== WHAT IS BEING ASKED ==
Reproduce the lines below verbatim. Pictures are to be omitted.

== INFORMATION SUPPLIED ==
☆ ☆ ☆ ☆
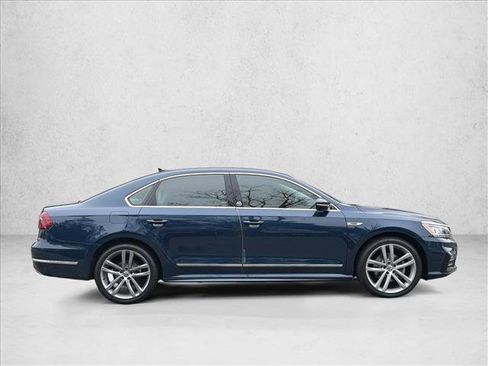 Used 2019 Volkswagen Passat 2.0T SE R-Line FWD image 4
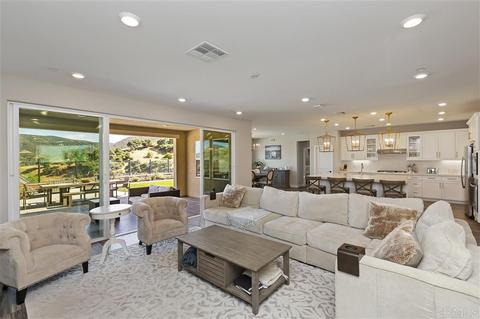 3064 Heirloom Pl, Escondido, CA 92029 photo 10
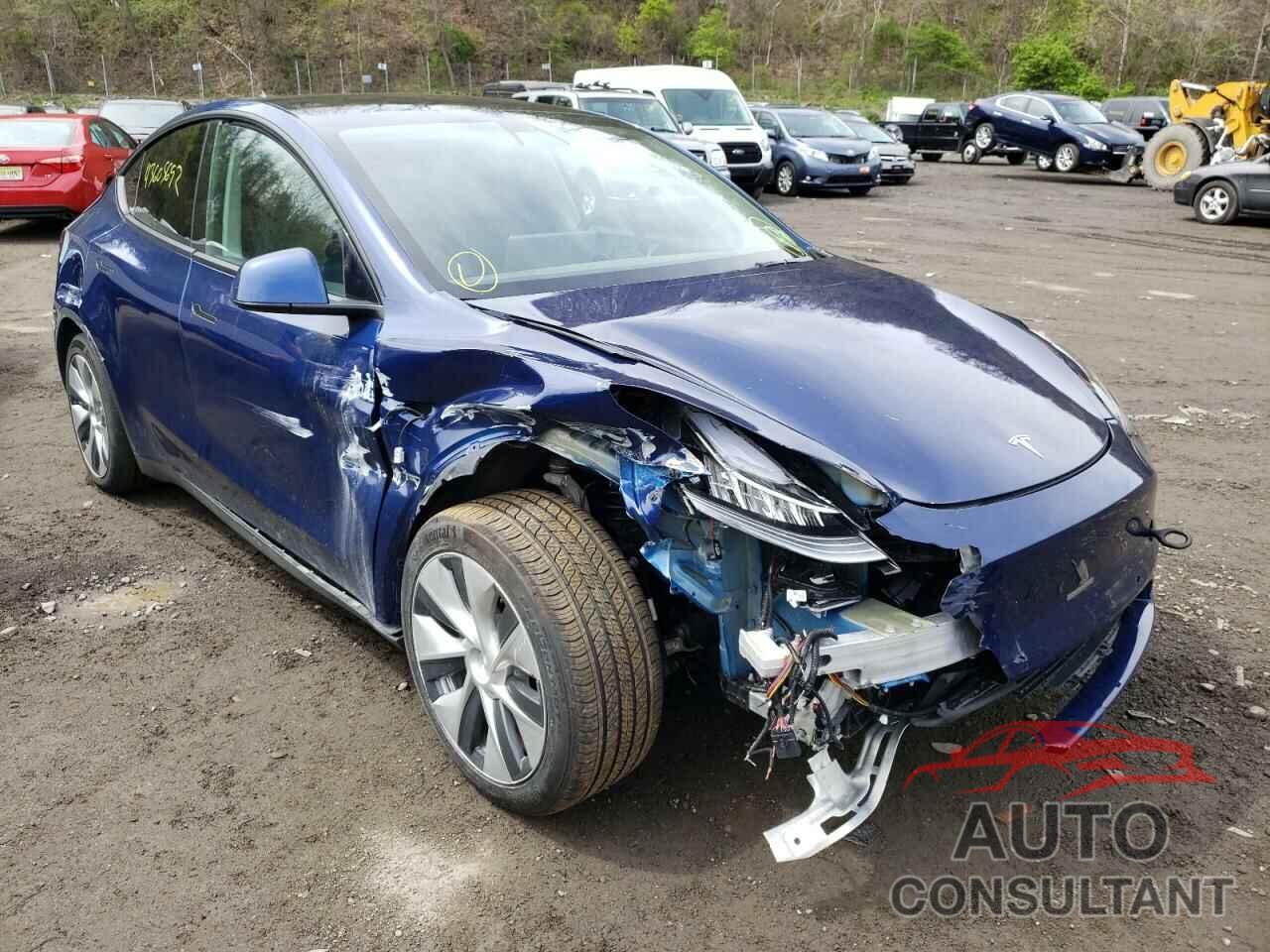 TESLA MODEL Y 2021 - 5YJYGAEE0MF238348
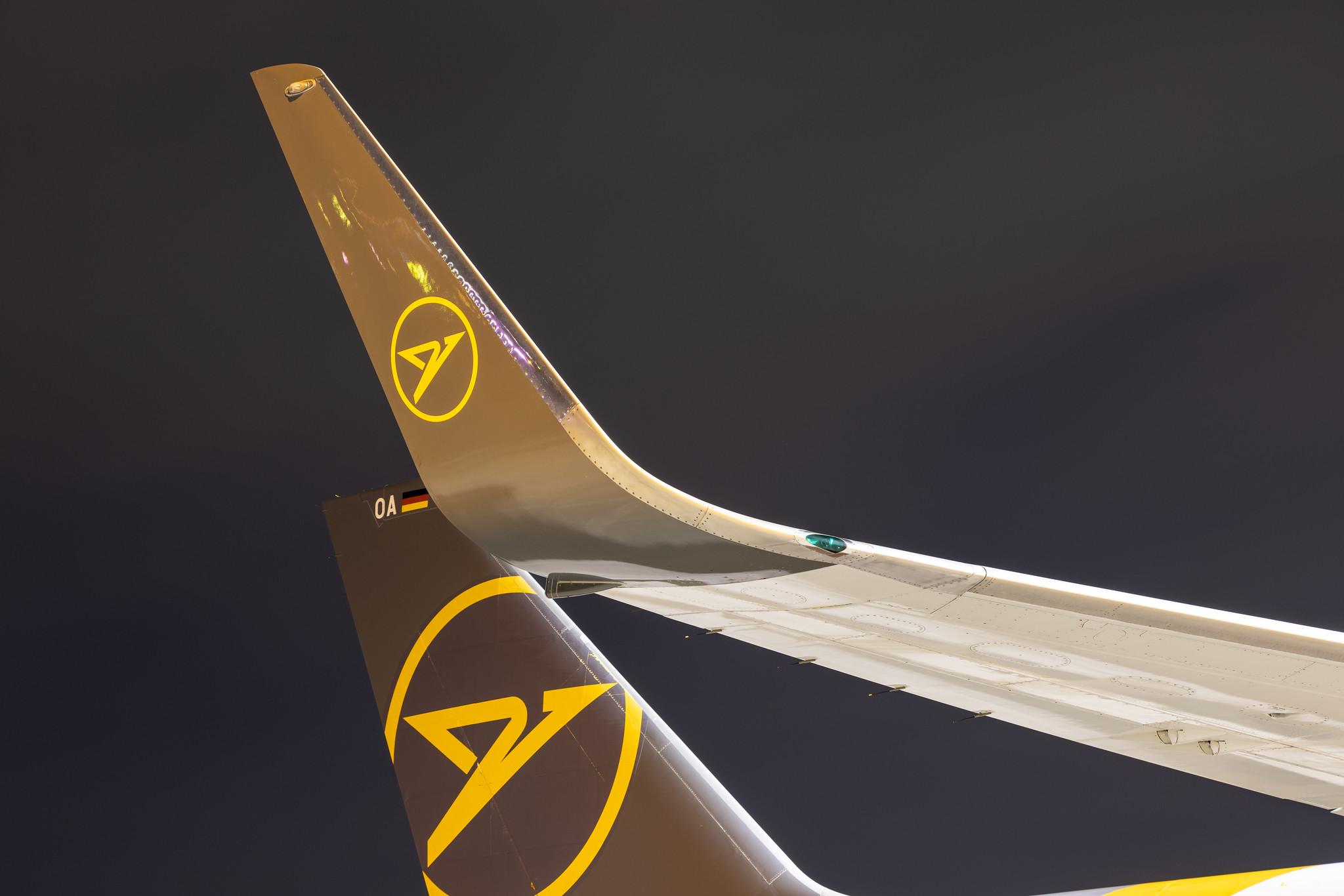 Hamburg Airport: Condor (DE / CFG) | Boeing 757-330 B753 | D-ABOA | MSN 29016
☆ ☆ ☆ ☆
== SOLUTION ==
 Used 2019 Volkswagen Passat 2.0T SE R-Line FWD image 4
 3064 Heirloom Pl, Escondido, CA 92029 photo 10
 TESLA MODEL Y 2021 - 5YJYGAEE0MF238348
 Hamburg Airport: Condor (DE / CFG) | Boeing 757-330 B753 | D-ABOA | MSN 29016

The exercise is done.